I don't subscribe overly much to trends, or "memes", or cutesy jargon. It doesn't help me or my audience to be too specific about a subject that's relatively easy for anyone to understand, or at least "easy" as it's viewed by the most literate people on Planet Earth. Sometimes I get caught in whirlpools of astonishment and bewilderment watching t.v. (which occasionally deepens into embarrassment and/or anger for all of you uneducated messes, living out there in "T.V. Land") that reflect my advanced education and prolonged work experience in such a profound way, I simply can't entertain the discussion as relevant or useful, and that's when I know you've been sold a bunch of total fucking bullshit.
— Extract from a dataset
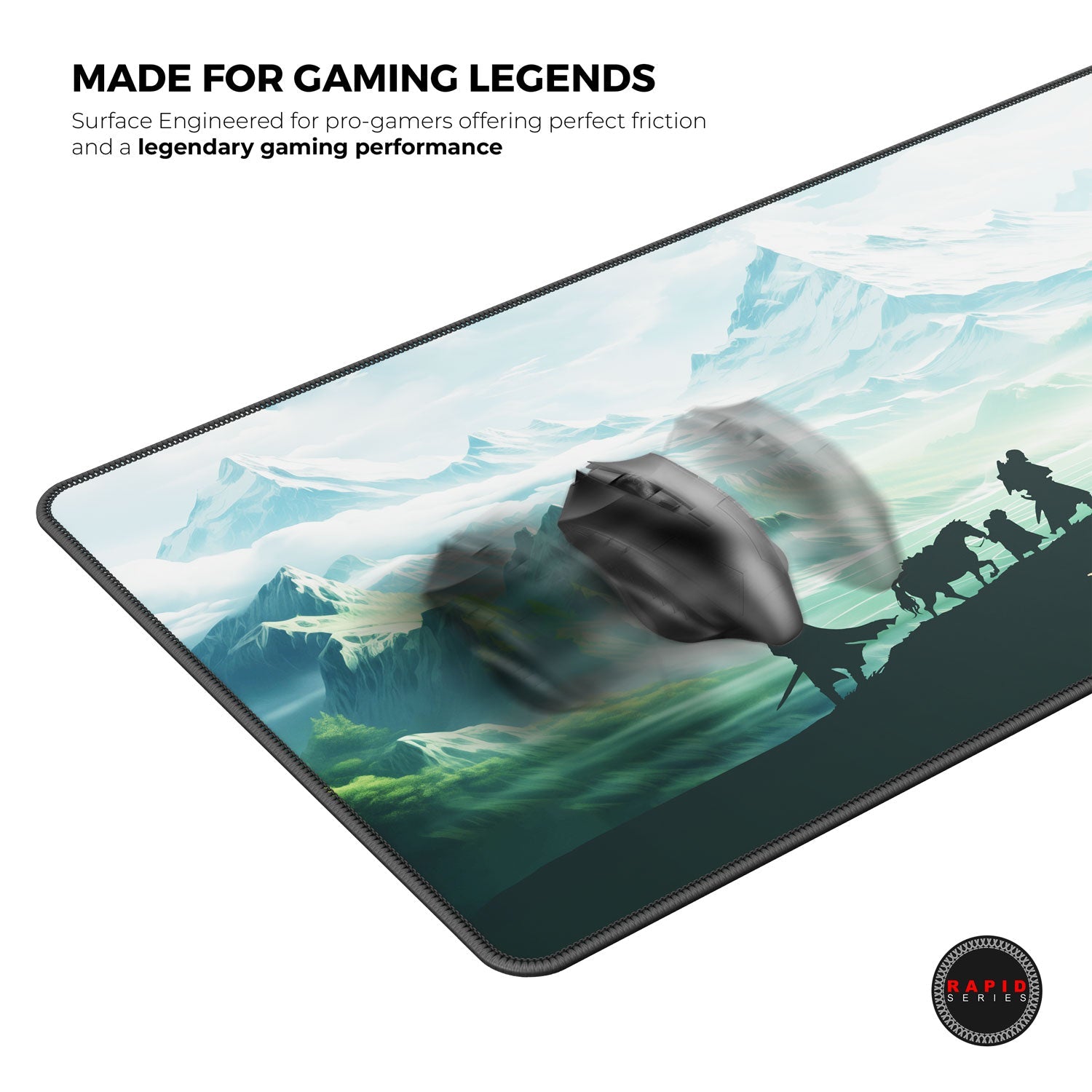 Lord of the Rings Gaming Mouse Pad 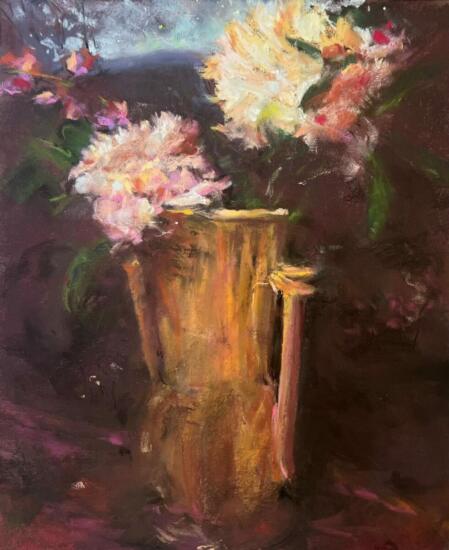 Carole Naquin - Evening Bouquet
Last summer, a dressmaker decided to time the sale of their knockoff dresses for prom season to the award show red carpets and your unfortunate color blindness, which, to an expert visual communicator like me, is a really fucking nasty thing to do. As soon as I saw the image pictured above, I immediately said "blue and black" and I knew I was right. I cannot be (and could not have been, in chronological order) an artist, designer, art director, or publisher without my great eyes, and failing that, entire sectors of my industry are devoted to achieving correct color matching results. Most desktops use RGB color mode for the Internet (https://en.wikipedia.org/wiki/RGB_color_model) and CMYK for print (https://en.wikipedia.org/wiki/CMYK_color_model), reflecting the pixels and paint used in the two processes.

If you blow up an image in digital imaging software, you can see the blocks of color that comprise a digital color photograph.You can then select an eyedropper tool in Photoshop (really $$$ high-end professional-grade software) to break down the color values into separate divisions of red, green, or blue (for the Internet), or cyan, magenta, yellow, and black (or "K" in printing). We also have color chip manufacturers that produce tear-off swatches that we attach to layouts, in case we feel further color clarifications are needed.

Color separations are an art of their own, woefully ignorant as the public is to such practices. CMYK color values are available for any color we see as humans, rendered into palette chips that we detach from very expensive color books, for the purposes of paint mixing at the color separators. For really tough material that needs extreme accuracy (like museum-quality reproductions of famous artwork well-known for their colors), we build even more steps into the proofing process. But, that's print. In the digital world, you are much more vulnerable to suggestion and the crudeness of a programs' blocks of computer coding used to simulate color onscreen, which is much less sophisticated than the human eye, and that's the trap you all fell into.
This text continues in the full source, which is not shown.